▶ [Exercise instructions]:
Where a line of the records contains the word "pure", show that line.

▶ [Material for the task]:
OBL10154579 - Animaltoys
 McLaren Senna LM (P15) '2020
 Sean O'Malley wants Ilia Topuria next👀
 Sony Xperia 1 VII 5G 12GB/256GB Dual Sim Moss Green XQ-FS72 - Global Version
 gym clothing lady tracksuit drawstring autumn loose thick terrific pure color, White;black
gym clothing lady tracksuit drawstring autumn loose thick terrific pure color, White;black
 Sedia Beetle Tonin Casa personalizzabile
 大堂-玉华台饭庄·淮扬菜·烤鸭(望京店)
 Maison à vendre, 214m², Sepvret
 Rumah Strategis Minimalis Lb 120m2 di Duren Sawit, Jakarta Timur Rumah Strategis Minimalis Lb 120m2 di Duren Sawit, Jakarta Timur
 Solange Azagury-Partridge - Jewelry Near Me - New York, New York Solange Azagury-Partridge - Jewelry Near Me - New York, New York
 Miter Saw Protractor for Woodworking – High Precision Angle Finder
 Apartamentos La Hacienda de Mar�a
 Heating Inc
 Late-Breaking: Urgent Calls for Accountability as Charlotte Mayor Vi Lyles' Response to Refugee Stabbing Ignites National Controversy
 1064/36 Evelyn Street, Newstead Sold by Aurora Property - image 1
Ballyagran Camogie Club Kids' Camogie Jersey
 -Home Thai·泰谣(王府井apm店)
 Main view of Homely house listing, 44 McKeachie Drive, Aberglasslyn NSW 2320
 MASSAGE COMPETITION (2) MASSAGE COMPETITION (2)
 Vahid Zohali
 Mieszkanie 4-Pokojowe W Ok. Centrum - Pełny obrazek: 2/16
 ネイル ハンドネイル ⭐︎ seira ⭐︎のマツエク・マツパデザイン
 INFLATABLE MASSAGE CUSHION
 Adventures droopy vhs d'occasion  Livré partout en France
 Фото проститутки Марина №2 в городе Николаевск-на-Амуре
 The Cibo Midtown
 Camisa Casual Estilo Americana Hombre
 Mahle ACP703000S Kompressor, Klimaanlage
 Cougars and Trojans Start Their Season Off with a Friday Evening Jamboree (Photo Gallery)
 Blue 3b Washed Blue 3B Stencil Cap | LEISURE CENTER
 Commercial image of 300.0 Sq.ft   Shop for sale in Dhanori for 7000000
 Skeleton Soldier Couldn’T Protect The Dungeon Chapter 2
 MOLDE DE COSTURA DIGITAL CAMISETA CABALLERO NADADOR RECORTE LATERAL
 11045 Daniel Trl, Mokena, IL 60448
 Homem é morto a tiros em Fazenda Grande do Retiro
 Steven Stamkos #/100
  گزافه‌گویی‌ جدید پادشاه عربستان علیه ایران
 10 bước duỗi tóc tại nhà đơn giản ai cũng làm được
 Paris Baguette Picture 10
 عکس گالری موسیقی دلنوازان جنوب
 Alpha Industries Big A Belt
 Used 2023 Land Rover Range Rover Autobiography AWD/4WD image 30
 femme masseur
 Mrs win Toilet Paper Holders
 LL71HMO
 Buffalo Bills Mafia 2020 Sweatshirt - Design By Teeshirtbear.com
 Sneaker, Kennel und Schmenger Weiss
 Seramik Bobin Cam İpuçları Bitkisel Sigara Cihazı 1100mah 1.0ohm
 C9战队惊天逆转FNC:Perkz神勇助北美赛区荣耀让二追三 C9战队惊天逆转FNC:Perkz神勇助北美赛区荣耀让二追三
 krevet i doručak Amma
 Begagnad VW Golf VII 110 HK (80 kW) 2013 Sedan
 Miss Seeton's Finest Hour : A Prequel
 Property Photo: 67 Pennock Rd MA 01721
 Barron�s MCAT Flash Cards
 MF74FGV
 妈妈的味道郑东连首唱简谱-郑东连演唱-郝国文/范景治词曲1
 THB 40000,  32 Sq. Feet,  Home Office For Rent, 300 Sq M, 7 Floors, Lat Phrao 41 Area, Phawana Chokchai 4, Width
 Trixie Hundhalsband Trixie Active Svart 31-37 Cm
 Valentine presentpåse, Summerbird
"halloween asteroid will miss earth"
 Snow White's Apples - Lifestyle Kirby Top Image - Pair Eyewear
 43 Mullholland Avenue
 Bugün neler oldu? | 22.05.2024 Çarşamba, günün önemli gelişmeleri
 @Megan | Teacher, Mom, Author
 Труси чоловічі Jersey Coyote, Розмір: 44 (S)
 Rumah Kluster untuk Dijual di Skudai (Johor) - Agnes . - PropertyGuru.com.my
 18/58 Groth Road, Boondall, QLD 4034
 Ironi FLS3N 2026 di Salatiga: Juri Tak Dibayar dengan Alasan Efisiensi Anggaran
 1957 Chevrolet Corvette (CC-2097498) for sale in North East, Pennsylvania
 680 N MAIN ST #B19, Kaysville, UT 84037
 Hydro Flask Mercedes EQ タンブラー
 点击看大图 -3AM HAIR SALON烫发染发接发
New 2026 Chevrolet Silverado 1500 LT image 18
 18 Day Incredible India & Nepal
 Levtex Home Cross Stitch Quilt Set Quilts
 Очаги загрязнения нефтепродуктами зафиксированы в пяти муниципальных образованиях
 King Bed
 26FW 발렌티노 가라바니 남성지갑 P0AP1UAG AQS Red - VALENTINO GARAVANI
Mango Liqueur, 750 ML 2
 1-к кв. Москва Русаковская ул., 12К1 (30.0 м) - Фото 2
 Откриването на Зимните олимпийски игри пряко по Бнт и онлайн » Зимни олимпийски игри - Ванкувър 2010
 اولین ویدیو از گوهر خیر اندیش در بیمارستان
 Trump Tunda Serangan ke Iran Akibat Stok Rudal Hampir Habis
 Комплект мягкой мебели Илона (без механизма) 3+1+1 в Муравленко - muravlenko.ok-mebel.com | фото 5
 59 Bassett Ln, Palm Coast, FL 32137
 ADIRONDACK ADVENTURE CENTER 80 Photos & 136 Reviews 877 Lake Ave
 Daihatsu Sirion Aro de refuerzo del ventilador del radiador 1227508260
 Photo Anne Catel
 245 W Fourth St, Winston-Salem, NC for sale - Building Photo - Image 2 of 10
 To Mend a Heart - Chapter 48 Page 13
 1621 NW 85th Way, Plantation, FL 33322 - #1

▶ [Answer to this task]:
 gym clothing lady tracksuit drawstring autumn loose thick terrific pure color, White;black
gym clothing lady tracksuit drawstring autumn loose thick terrific pure color, White;black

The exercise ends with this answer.